Mutual recognition next, says CSRC's Xiao Gang
Yesterday China premier Li Keqiang rocked the Shanghai and Hong Kong stock markets by announcing they are now linked – but that is not the only news to come out of the Boao Forum for Asia, where he dropped his bombshell.
The next step for integrating the mainland and Hong Kong's financial markets is to enable mutual recognition of investment products, said Xiao Gang, chairman of the China Securities Regulatory Commission.
He told AsianInvestor that there are no major hurdles left, but that some risks remain. The areas yet to be finalised are how the CSRC will coordinate regulation, especially enforcement, with Hong Kong's Securities and Futures Commission. This is about adding substance to existing memoranda of understanding, he said, and mutual recognition will become a reality "in the near future".
Laura Cha, chairwoman of Hong Kong's Financial Services Development Council, said linking the Shanghai and Hong Kong bourses would breathe new life into the A-share market. As investors in the two cities can now trade on each other's exchange, that will widen the pool of capital available, and encourage new products and services for investors.
One area where she expects to see rapid progress is around renminbi-denominated products. "Our focus is to make the offshore renminbi market deeper and more diverse for retail investors and institutional investors," she said in Mandarin Chinese at the Boao forum.
The next step is to let fund management companies and other financial institutions play a greater role, so that Hong Kong continues to advance the global adoption of the RMB.
She added that Hong Kong, despite its existing status as a leading financial centre, still needs to do more to develop professional money managers and related functions. "We need more international investors in Hong Kong," she said.
Premier Li's "link" means qualified mainland investors can buy stocks in Hong Kong, and vice versa (see story on today's newsletter, QDII2 launched in landmark China opening).
Mutual recognition of funds means funds domiciled worldwide but authorised in Hong Kong can be publicly made available to mainland investors, allowing households in both China and Hong Kong to invest in each other's products.

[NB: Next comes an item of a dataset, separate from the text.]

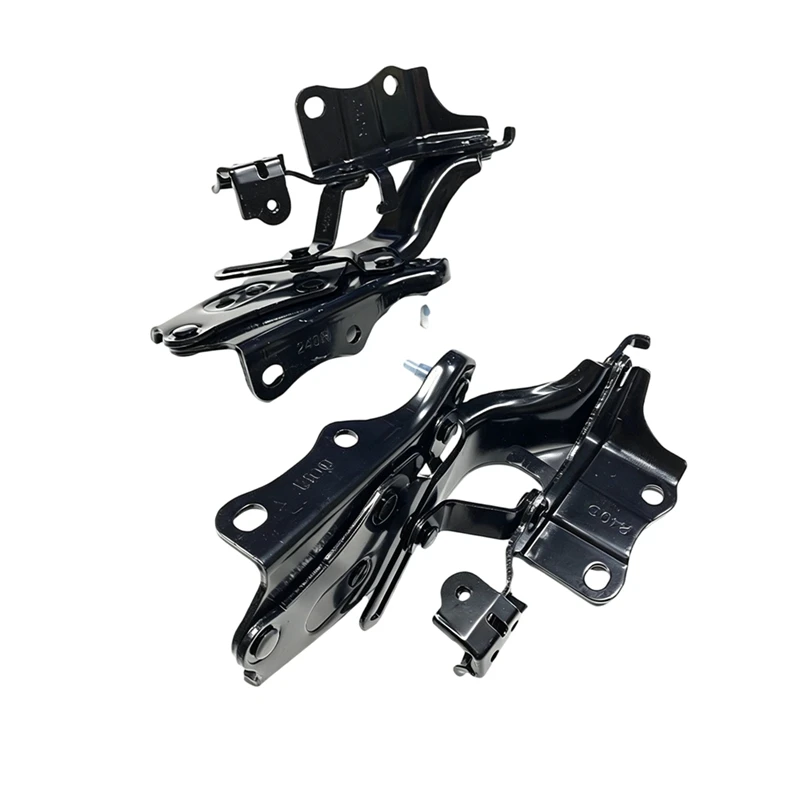 Super Sale 53410-33380 53420-33380 Front Hood Hinge for Lexus ES350 300H 250 2018- Left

It will also allow global asset managers to sell products into China, via Hong Kong, and to distribute mainland products overseas.

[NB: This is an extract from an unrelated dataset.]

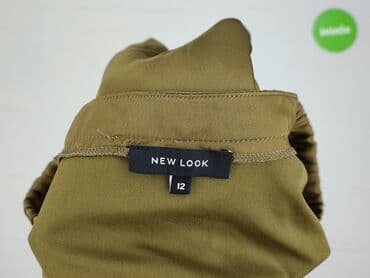 bluzki oversize sklep internetowy: New Look, Bluzka damska, M — 4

Zhou Xiaochuan, governor of the People's Bank of China (PBoC), added that mainland Chinese investors and companies will give Hong Kong's market scale, while Hong Kong can offer a mature, sophisticated and well regulated environment.
Linking the bourses will further enhance this complimentary relationship; he cited the long queue of mainland companies eager to go public in Shanghai; that pipeline of companies will now be available to Hong Kong traders.
This will attract Chinese household investment, which has stuck mainly to real estate or bank deposits because of widespread distrust of investing in securities, noted Chen Zhiwu, professor of finance at Yale University. But the Hong Kong market will make investing more legitimate, he added, because of its international stature, open nature, rule of law and freedom of speech.
Xiao said mutual recognition may frighten some mainland fund managers, who fear having to go up against global firms using Hong Kong as a conduit to the mainland. But he said this is a good thing: mainland players must now compete – this will force them to improve their performance and their service levels.
PBoC's Zhou added that, at some point, another step will be to increase the daily amount individuals may convert from renminbi to Hong Kong dollars, which is currently limited to Rmb20,000.